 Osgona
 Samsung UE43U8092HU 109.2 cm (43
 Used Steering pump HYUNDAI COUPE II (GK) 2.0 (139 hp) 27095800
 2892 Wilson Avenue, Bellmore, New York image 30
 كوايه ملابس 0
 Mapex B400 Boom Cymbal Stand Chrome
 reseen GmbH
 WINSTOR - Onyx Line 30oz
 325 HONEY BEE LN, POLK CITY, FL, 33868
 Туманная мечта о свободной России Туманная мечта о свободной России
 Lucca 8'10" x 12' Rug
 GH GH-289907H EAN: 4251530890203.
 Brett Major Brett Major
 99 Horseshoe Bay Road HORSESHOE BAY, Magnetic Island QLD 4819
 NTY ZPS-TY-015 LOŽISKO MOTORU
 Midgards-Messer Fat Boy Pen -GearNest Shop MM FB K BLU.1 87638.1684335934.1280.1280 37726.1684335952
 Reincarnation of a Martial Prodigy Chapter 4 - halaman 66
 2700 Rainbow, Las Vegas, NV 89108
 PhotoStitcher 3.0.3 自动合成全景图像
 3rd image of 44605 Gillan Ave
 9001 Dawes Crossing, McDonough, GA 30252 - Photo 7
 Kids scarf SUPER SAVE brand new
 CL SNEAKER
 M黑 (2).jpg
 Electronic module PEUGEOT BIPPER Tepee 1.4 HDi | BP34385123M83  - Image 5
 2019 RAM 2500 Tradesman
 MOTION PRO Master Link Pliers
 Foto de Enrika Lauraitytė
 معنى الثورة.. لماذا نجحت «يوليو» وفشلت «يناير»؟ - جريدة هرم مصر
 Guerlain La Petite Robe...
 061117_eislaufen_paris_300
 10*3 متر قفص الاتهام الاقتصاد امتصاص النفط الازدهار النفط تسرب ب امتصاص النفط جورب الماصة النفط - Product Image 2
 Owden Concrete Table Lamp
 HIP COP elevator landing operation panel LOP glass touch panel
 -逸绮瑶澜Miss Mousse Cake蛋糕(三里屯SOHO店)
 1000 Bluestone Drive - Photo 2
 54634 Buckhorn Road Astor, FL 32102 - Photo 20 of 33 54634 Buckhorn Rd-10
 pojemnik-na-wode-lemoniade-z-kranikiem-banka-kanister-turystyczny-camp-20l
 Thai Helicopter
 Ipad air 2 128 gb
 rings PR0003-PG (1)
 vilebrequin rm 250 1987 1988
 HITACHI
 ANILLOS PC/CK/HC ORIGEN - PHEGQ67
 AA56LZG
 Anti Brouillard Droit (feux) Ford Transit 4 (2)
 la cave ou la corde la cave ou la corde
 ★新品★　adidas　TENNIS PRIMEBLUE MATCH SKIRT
________________________________________
» Prompt:
Take the lines from the one containing "PhotoStitcher 3.0.3 自动合成全景图像" through the final line of the entries above, and set them down exactly, with nothing added.

» Answer to this problem:
 PhotoStitcher 3.0.3 自动合成全景图像
 3rd image of 44605 Gillan Ave
 9001 Dawes Crossing, McDonough, GA 30252 - Photo 7
 Kids scarf SUPER SAVE brand new
 CL SNEAKER
 M黑 (2).jpg
 Electronic module PEUGEOT BIPPER Tepee 1.4 HDi | BP34385123M83  - Image 5
 2019 RAM 2500 Tradesman
 MOTION PRO Master Link Pliers
 Foto de Enrika Lauraitytė
 معنى الثورة.. لماذا نجحت «يوليو» وفشلت «يناير»؟ - جريدة هرم مصر
 Guerlain La Petite Robe...
 061117_eislaufen_paris_300
 10*3 متر قفص الاتهام الاقتصاد امتصاص النفط الازدهار النفط تسرب ب امتصاص النفط جورب الماصة النفط - Product Image 2
 Owden Concrete Table Lamp
 HIP COP elevator landing operation panel LOP glass touch panel
 -逸绮瑶澜Miss Mousse Cake蛋糕(三里屯SOHO店)
 1000 Bluestone Drive - Photo 2
 54634 Buckhorn Road Astor, FL 32102 - Photo 20 of 33 54634 Buckhorn Rd-10
 pojemnik-na-wode-lemoniade-z-kranikiem-banka-kanister-turystyczny-camp-20l
 Thai Helicopter
 Ipad air 2 128 gb
 rings PR0003-PG (1)
 vilebrequin rm 250 1987 1988
 HITACHI
 ANILLOS PC/CK/HC ORIGEN - PHEGQ67
 AA56LZG
 Anti Brouillard Droit (feux) Ford Transit 4 (2)
 la cave ou la corde la cave ou la corde
 ★新品★　adidas　TENNIS PRIMEBLUE MATCH SKIRT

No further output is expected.